The thousands of Irish people resident in the UK are expected to bring the numbers of Irish racegoers enjoying the national hunt meet up to around 15,000.
Ryanair have added extra flights to their normal schedule from Ireland to Birmingham, Bristol and East Midlands to cope with the interest from Irish racing fans.
Mary Lee from Newbridge Travel, one of the Irish tour firms bringing racegoers to Cheltenham, said the numbers travelling were up slightly this year for the second year in a row.
"People actually booked earlier this year. However they are still down about 40pc on the major big years in the height of the boom," Ms Lee said.
"A lot of people are going for shorter durations for one or two days. It really depends on what horse they are following the days they choose."

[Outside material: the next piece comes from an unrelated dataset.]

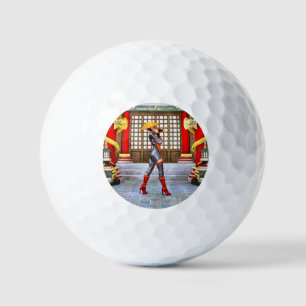 Pelotas De Golf Guerrera asiática doncella fantasía samurái obra d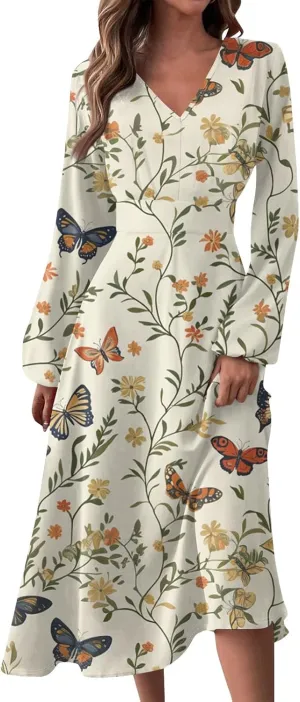 Women's Casual Fashion V-Neck Long Sleeve Floral Print Long Dress Fashion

A two-day trip with Newbridge Travel was priced at €523 a person for guest house accommodation, with the most expensive two-day break at €775.
Shona Dreaper, spokeswoman for Punchestown Racecourse, said the opening day of Cheltenham marks the seven-week countdown to Co Kildare's Punchestown festival from April 24 to 28 next.
"It's our last chance to meet face to face with some of the 18,000 UK racegoers that visit Punchestown each year," she said.
"Each year, more and more British trainers bring their top horses to the grande finale of the jump racing to seek revenge or confirm reputations.
"It really has become the away leg for British runners."
And, for the raiding party, the racecourse still plans to mark St Patrick's Day in style although it falls the day after the festival comes to a close.